▸ **Exercise requirements**: Among the entries below, extract exactly the lines that run from the one with "新澳今晚開獎(jiǎng)結" through the one with "13.7: FLUX HW", both ends included.

▸ **Provided records**:
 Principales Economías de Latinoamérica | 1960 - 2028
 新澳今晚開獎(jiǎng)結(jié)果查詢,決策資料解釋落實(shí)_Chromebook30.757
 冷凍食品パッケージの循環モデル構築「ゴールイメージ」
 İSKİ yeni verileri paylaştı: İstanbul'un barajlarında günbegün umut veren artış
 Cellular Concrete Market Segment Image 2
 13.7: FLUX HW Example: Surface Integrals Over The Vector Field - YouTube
...
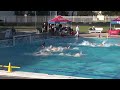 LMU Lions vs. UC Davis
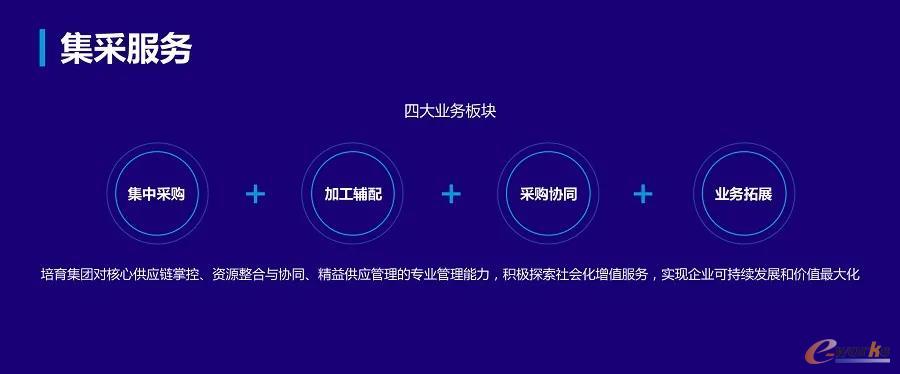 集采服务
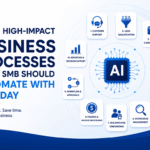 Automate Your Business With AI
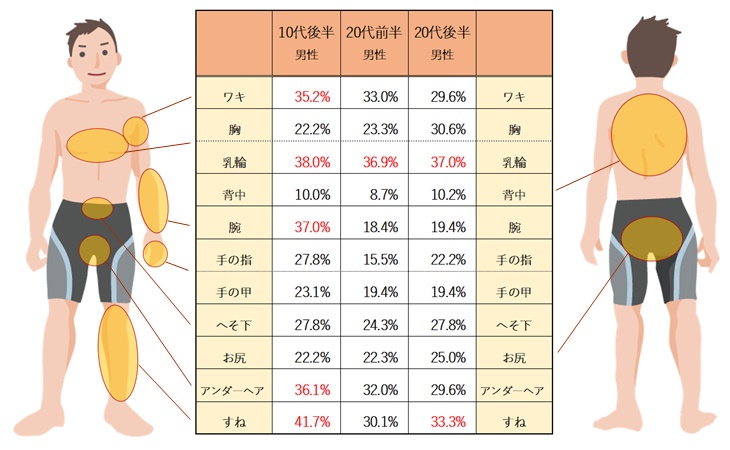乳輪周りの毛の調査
...
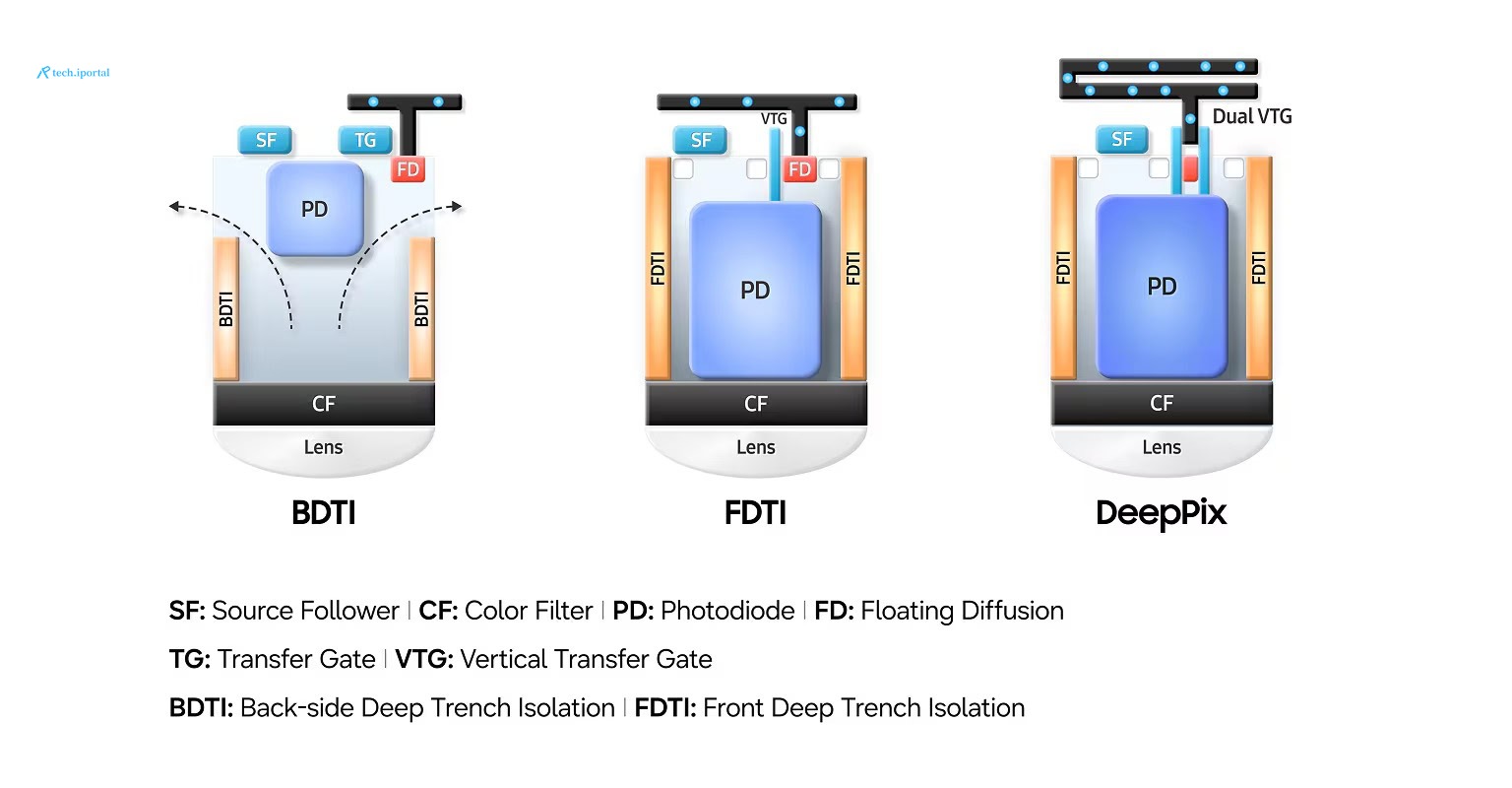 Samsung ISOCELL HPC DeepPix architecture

▸ **Result below**:
 新澳今晚開獎(jiǎng)結(jié)果查詢,決策資料解釋落實(shí)_Chromebook30.757
 冷凍食品パッケージの循環モデル構築「ゴールイメージ」
 İSKİ yeni verileri paylaştı: İstanbul'un barajlarında günbegün umut veren artış
 Cellular Concrete Market Segment Image 2
 13.7: FLUX HW Example: Surface Integrals Over The Vector Field - YouTube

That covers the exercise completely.